Nichts anbrennen lassen die Schwaben in ihrer Kernkompetenz Fahrerassistenz: Spur- und Abstandstempomat regeln feinfühlig und klug, der Stauassistent ist im Stop-and-Go in der Stadt eine echte Stütze. Warum man aber beim Abbiegen gleich dreifach die Richtung serviert bekommt, im überladenen Head-up-Display, im Navi im Zentraldisplay und per Kamera auf dem großen Screen, inklusive greller blauer Pfeile, erschließt sich nicht wirklich und erscheint als "technical overkill". Man könnte ja auch einfach zur Windschutzscheibe rausschauen. Apropos: Der Blick reißt bei der stark abfallenden Front jäh ab, die Übersicht ist daher so lala. Einen Frunk sucht man unter der langen Haube übrigens vergebens: Sie lässt sich gar nicht öffnen.
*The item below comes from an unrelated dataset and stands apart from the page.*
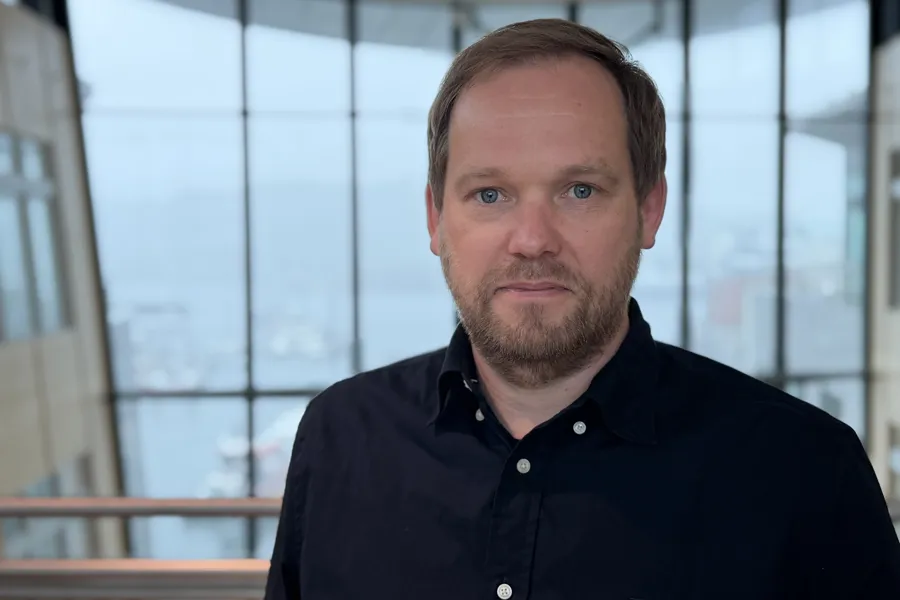 En mann med skjegg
Bei der Ladetechnik bewegt man sich dann "state of the art" und die riesigen Speicher waren von 40 auf 100 Prozent in 50 Minuten befüllt, Zeit für eine Mahlzeit an der gut mit Infrastruktur versorgten EnBW-Station in Unterhaching bei München. Die Ladekurve am EnBW-Hyper-Charger fällt dabei pünktlich ab 80 Prozent akkuschonend ab, maximal erreichten wir Werte um die 111 kW Leistung und im Schnitt ging es mit 77 kW zur Sache. An die formal 200 kW Maximalleistung reichte der EQS an der 350-kW-fähigen Säule aber nicht heran. Unterm Strich also Licht und Schatten bei der ersten echten deutschen Antwort auf den Tesla Model S. Bei allen Geschmacksfragen bleibt ganz objektiv aber vor allem bei einem Punkt Luft nach oben, respektive unten: Der Effizienz im Benz.